### Problem to work on:
Transcribe the line holding "Леггинсы женские conte" together with every line after it, through the end of the records, exactly and with no pictures.

Caption-style text data:

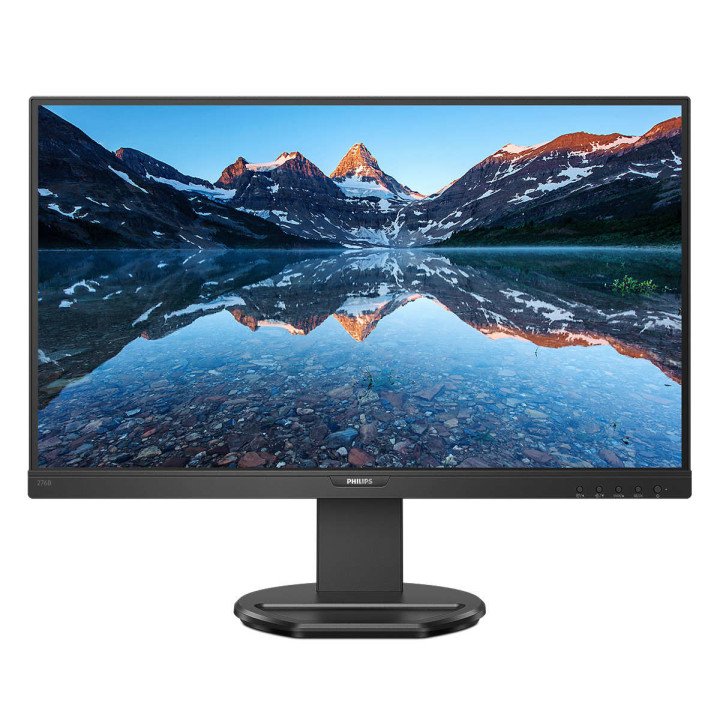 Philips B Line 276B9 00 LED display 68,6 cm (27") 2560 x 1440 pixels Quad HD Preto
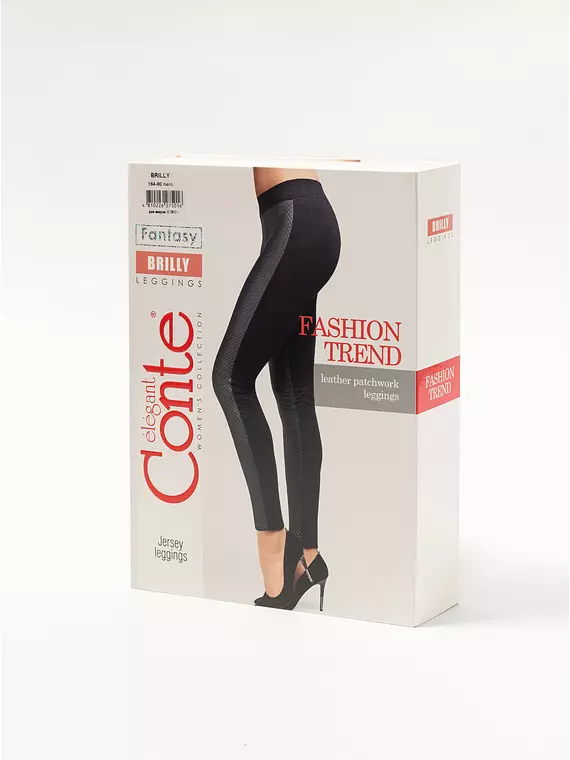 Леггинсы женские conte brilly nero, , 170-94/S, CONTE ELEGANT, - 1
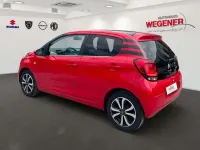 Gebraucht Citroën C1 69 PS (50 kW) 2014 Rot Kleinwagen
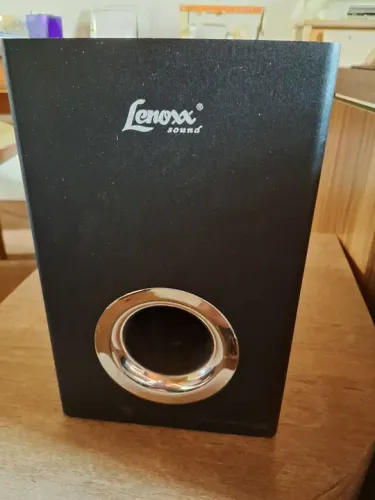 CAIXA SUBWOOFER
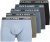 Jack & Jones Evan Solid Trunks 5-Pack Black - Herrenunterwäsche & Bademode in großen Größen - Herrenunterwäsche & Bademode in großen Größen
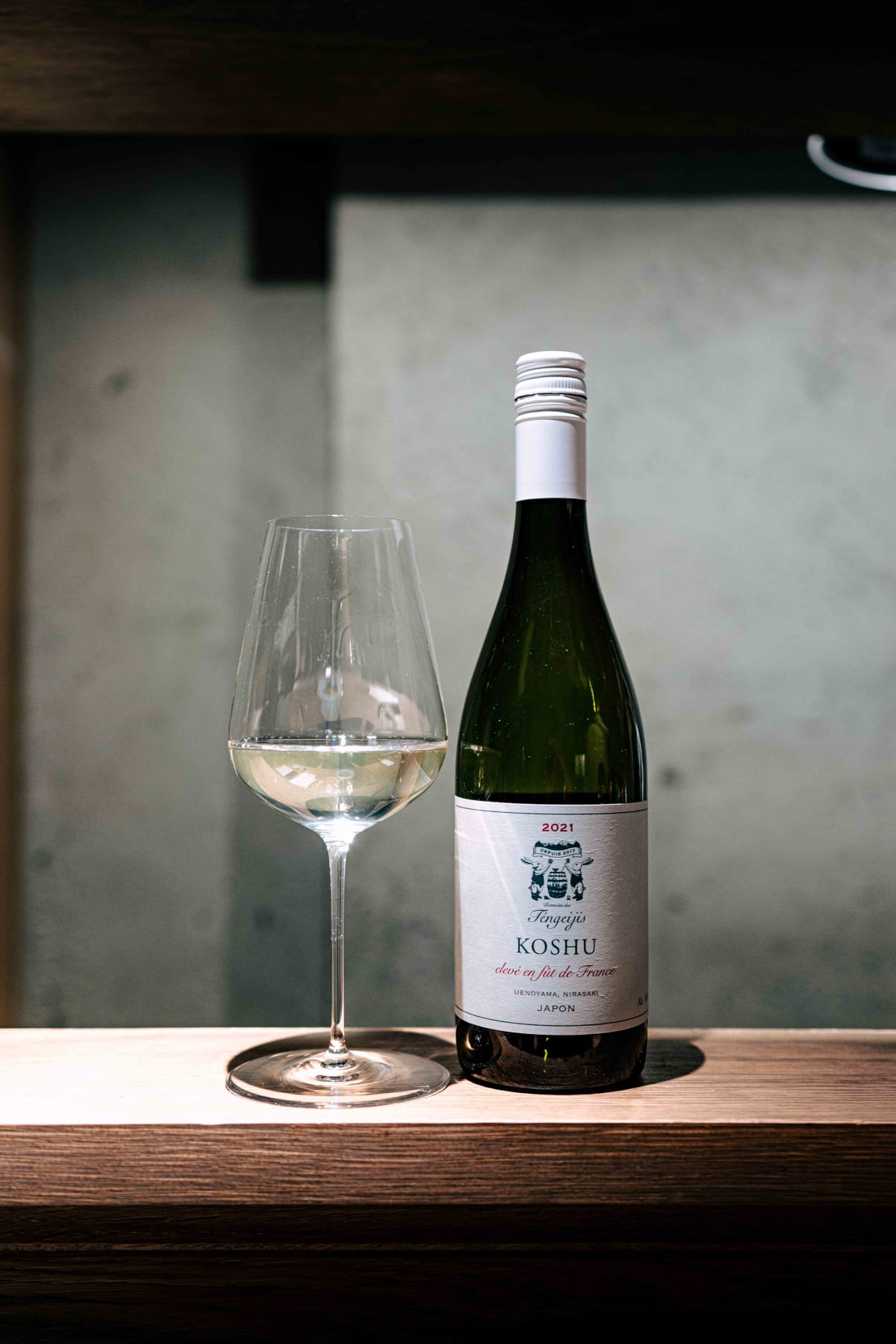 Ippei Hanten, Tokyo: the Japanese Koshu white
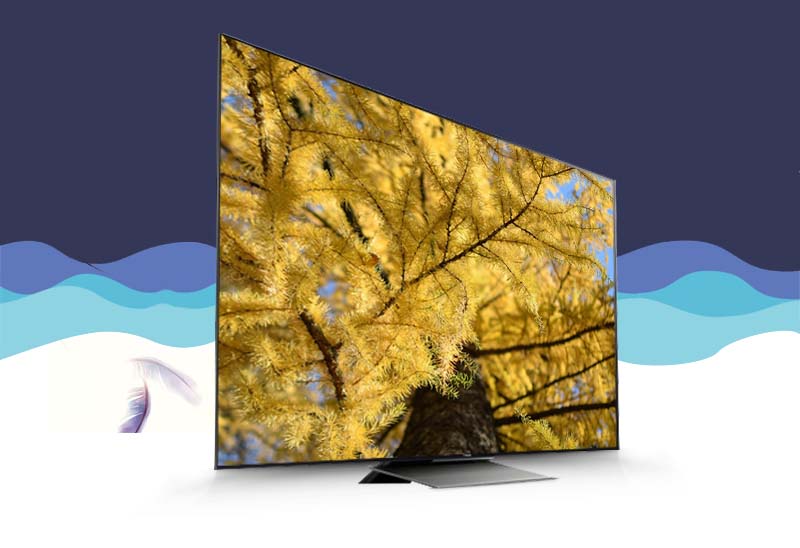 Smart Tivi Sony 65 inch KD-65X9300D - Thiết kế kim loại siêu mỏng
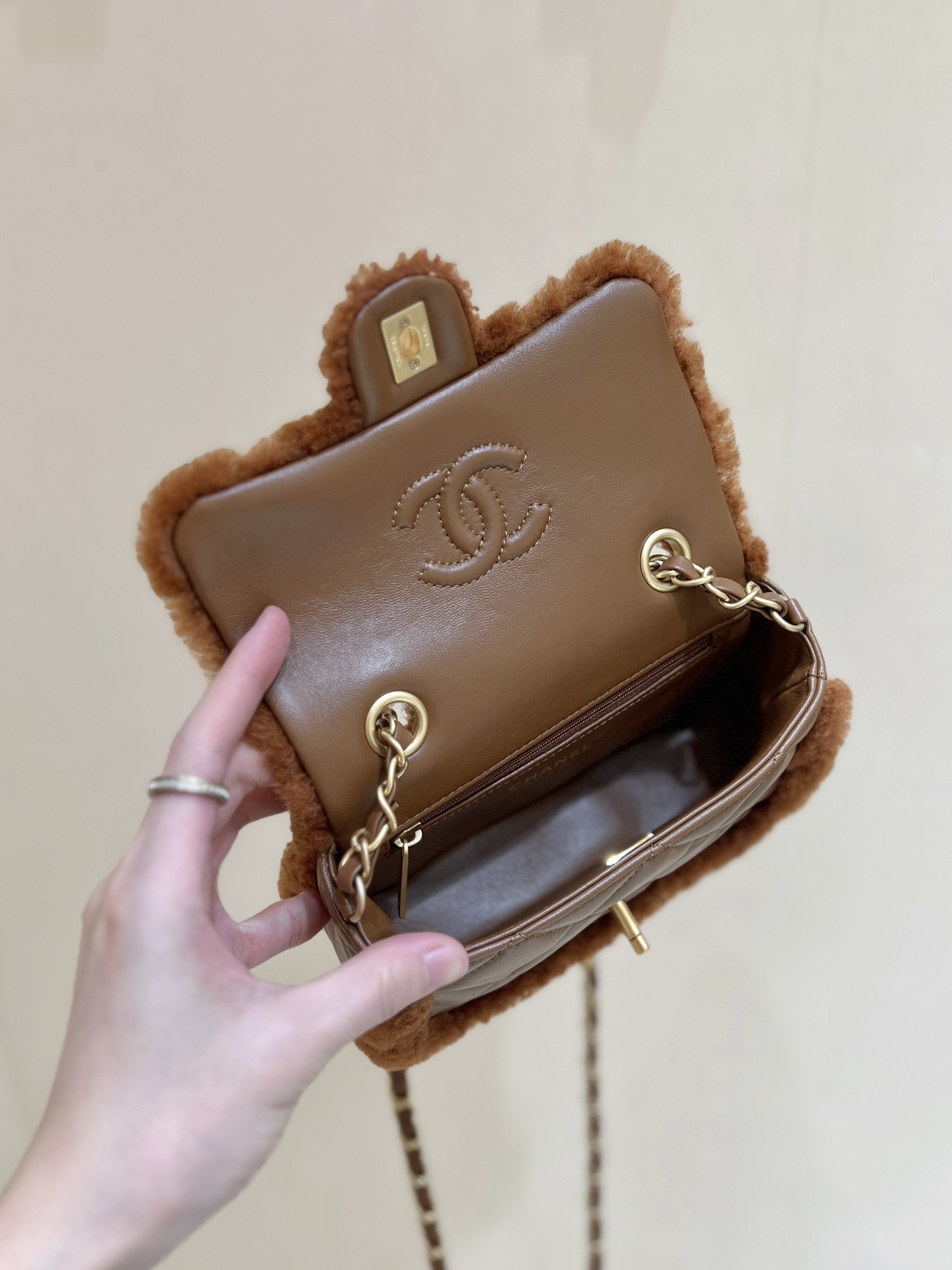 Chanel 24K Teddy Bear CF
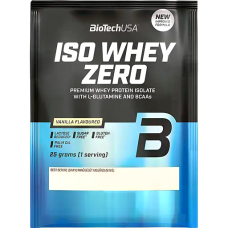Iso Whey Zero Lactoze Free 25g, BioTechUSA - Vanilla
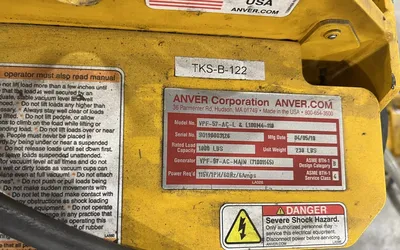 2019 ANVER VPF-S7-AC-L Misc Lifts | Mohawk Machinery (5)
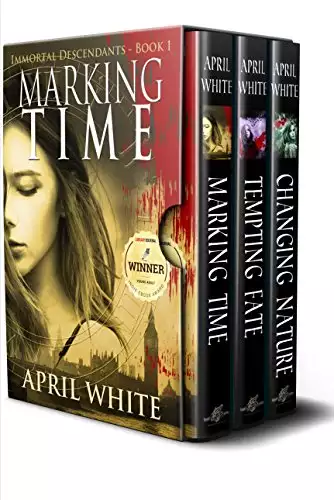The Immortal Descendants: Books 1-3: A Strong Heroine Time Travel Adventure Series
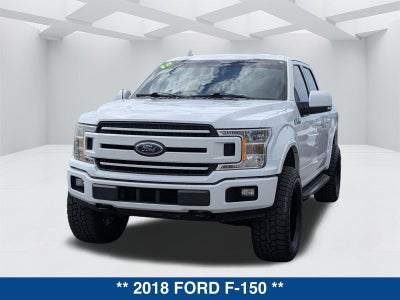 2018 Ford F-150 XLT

### Answer to this problem:
 Леггинсы женские conte brilly nero, , 170-94/S, CONTE ELEGANT, - 1
 Gebraucht Citroën C1 69 PS (50 kW) 2014 Rot Kleinwagen
 CAIXA SUBWOOFER
 Jack & Jones Evan Solid Trunks 5-Pack Black - Herrenunterwäsche & Bademode in großen Größen - Herrenunterwäsche & Bademode in großen Größen
 Ippei Hanten, Tokyo: the Japanese Koshu white
 Smart Tivi Sony 65 inch KD-65X9300D - Thiết kế kim loại siêu mỏng
 Chanel 24K Teddy Bear CF
Iso Whey Zero Lactoze Free 25g, BioTechUSA - Vanilla
 2019 ANVER VPF-S7-AC-L Misc Lifts | Mohawk Machinery (5)
The Immortal Descendants: Books 1-3: A Strong Heroine Time Travel Adventure Series
 2018 Ford F-150 XLT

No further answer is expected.